Cost management for Kubernetes

Azure Cost Management
Azure Kubernetes Service (AKS)
Azure Managed Disks
Azure Storage
Azure Virtual Machines

This guide explains how pricing and cost management work in Azure Kubernetes Service (AKS) compared to Amazon Elastic Kubernetes Service (Amazon EKS). The article describes how to optimize costs and implement cost governance solutions for your AKS cluster.

Note

This article is part of a series of articles that helps professionals who are familiar with Amazon EKS to understand Azure Kubernetes Service (AKS).

Amazon EKS cost basics

In Amazon EKS, you pay a fixed price per hour for each Amazon EKS cluster. You also pay for the networking, operations tools, and storage that the cluster uses.

Amazon EKS worker nodes are standard Amazon EC2 instances, so they incur regular Amazon EC2 prices. You also pay for other Amazon Web Services (AWS) resources that you provision to run your Kubernetes worker nodes.

There are no extra costs to use Amazon EKS managed node groups. You pay only for the AWS resources you provision, including Amazon EC2 instances, Amazon EBS volumes, Amazon EKS cluster hours, and any other AWS infrastructure.

When creating a managed node group, you can choose to use the On-Demand or Spot Instances capacity type to manage the cost of agent nodes. Amazon EKS deploys a managed node group with an Amazon EC2 Auto Scaling group that contains either all On-Demand or all Spot Instances.

With On-Demand Instances, you pay for compute capacity by the second, with no long-term commitments. Amazon EC2 Spot Instances are spare Amazon EC2 capacity that offers discounts compared to On-Demand prices.

  • Amazon EC2 Spot Instances can be interrupted with a two-minute interruption notice when EC2 needs the capacity back.

  • Amazon provides Spot Fleet, a method to automate groups of On-Demand and Spot Instances, and Spot Instance Advisor to help predict which region or Availability Zone might provide minimal disruption.

  • AWS Spot Instance prices vary.

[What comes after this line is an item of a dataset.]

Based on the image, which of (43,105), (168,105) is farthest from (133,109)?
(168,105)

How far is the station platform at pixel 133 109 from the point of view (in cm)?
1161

AWS sets the price depending on long-term supply and demand trends for Spot Instance capacity, and you pay the price in effect for the time period the instance is up.

Azure Kubernetes Service cost analysis

An Azure Kubernetes Service (AKS) cluster relies on various Azure resources such as virtual machines, virtual disks, load-balancers, and public IP addresses. These resources can be utilized by multiple applications, which might be managed by different teams within an organization. The consumption patterns of these resources can vary, resulting in varying contribution toward the total cluster resource cost. Additionally, some applications may have footprints across multiple clusters, making cost attribution and management a challenge.

For scenarios where a cluster contains a single workload, Microsoft Cost Management can be used to measure cluster resource consumption under the cluster resource group. However, some scenarios are not natively covered by that solution alone, for example:

  • Granular breakdown of resource usage, such as compute, network, and storage.
  • Distinguishing between individual application costs and shared costs.
  • Analyzing costs across multiple clusters in the same subscription scope.

To increase cost observability, AKS has integrated with Microsoft Cost Management to provide detailed cost drilldowns at Kubernetes constructs like cluster and namespace. This integration enables cost analysis at the Azure compute, network, and storage categories.

The AKS cost analysis addon is built on OpenCost, an open-source project for usage data collection. It provides cost visibility by reconciling data with your Azure invoice. The post-processed data is directly visible in the Cost Management cost analysis portal. For more information, see Azure Kubernetes Service cost analysis.

Cost Definitions

In the Kubernetes namespaces and assets views, you will see the charges, such as:

  • Idle charges: Represents the cost of available resource capacity that wasn't used by any workloads.
  • Service charges: Represents the charges associated with services like Uptime service-level agreement (SLA) and Microsoft Defender for Containers.
  • System charges: Represents the cost of capacity reserved by AKS on each node to run system processes required by the cluster.
  • Unallocated charges: Represents the cost of resources that couldn't be allocated to namespaces.

AKS cost basics

Kubernetes architecture is based on two layers, the control plane and one or more nodes or node pools. The AKS pricing model is based on the two Kubernetes architecture layers.

  • The control plane provides core Kubernetes services, such as the API server and etcd, and application workload orchestration. The Azure platform manages the AKS control plane, and for the AKS Free tier, the control plane has no cost.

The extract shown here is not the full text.